Given the negligible cost of checks, I'd kind of rather the OS just
did them though.
--tim
Actually no type system can deal with it because the communication might
be closed because someone tripped over the ethernet cable.
I.e. it really is inherently dynamic.
As for those type systems you mention, the most relevant research
in the area is obviously the "Vault" system which is specifically designed
to make sure that operations are executed in the proper order (open, then
read, then close) in device drivers.
Stefan
They can also statically enforce the presence of the relevant dynamic checks.
Stefan
>>>>>> "Matthias" == Matthias Blume <matt...@shimizu-blume.com> writes:
>> Well, there are two things that "close" does to a socket: it signals
>> the other guy that communication is over, and it deallocates the data
>> structures associated with this communication (if I am the last one
>> holding on to it). What I was proposing was to not do the
>> deallocation. The runtime check for "is communication over?", of
>> course, cannot be eliminated because it is inherently dynamic.

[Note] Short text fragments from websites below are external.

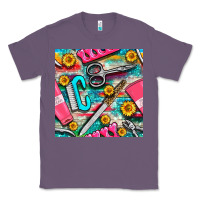 Lavender nail art tools and hand cream with serape and turquoise glitter seamle Classic Tee - BundleAndBundleShop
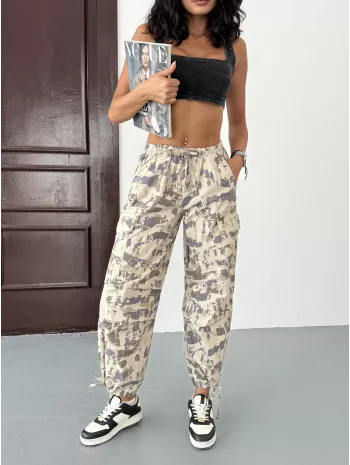 Kargo Kamuflaj Paraşüt Pantolon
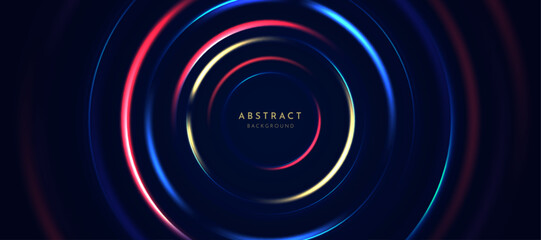 Colorful glowing lights in circle, vector abstract background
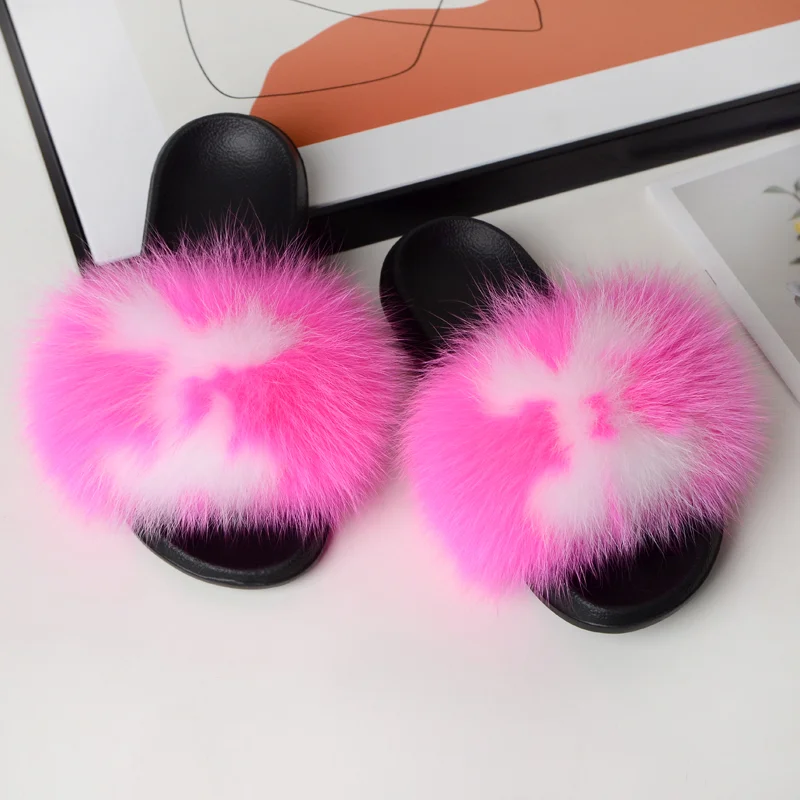 

red fur slippers mommy and me fur slides custom fur slides, Customized color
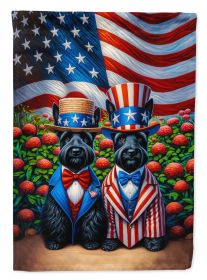 All American Scottish Terrier House Flag Large Porch Sleeve Pole Decorative Outside Yard Banner Artwork Wall Hanging, Polyester, House Size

>> (Actually, with unique or linear types, or with monads, there might be
>> a way around even this.)
>
> Actually no type system can deal with it because the communication might
> be closed because someone tripped over the ethernet cable. I.e. it
> really is inherently dynamic.
Yes, I know. I was being too brief to be correct. What I was thinking
of was not to completely eliminate the "end-of-communication?" test --
which for obvious reasons is not possible.
What I did think of was a type system that won't let me do this test again
after it said "yes" once. (Of course, this is not very interesting other
than for checking the sanity of my program's internal logic.)
Matthias
In both cases, the GC is written in a modified version of the
high-level language. If that's not self-hosting, then you better
explain more precisely what you mean by the term.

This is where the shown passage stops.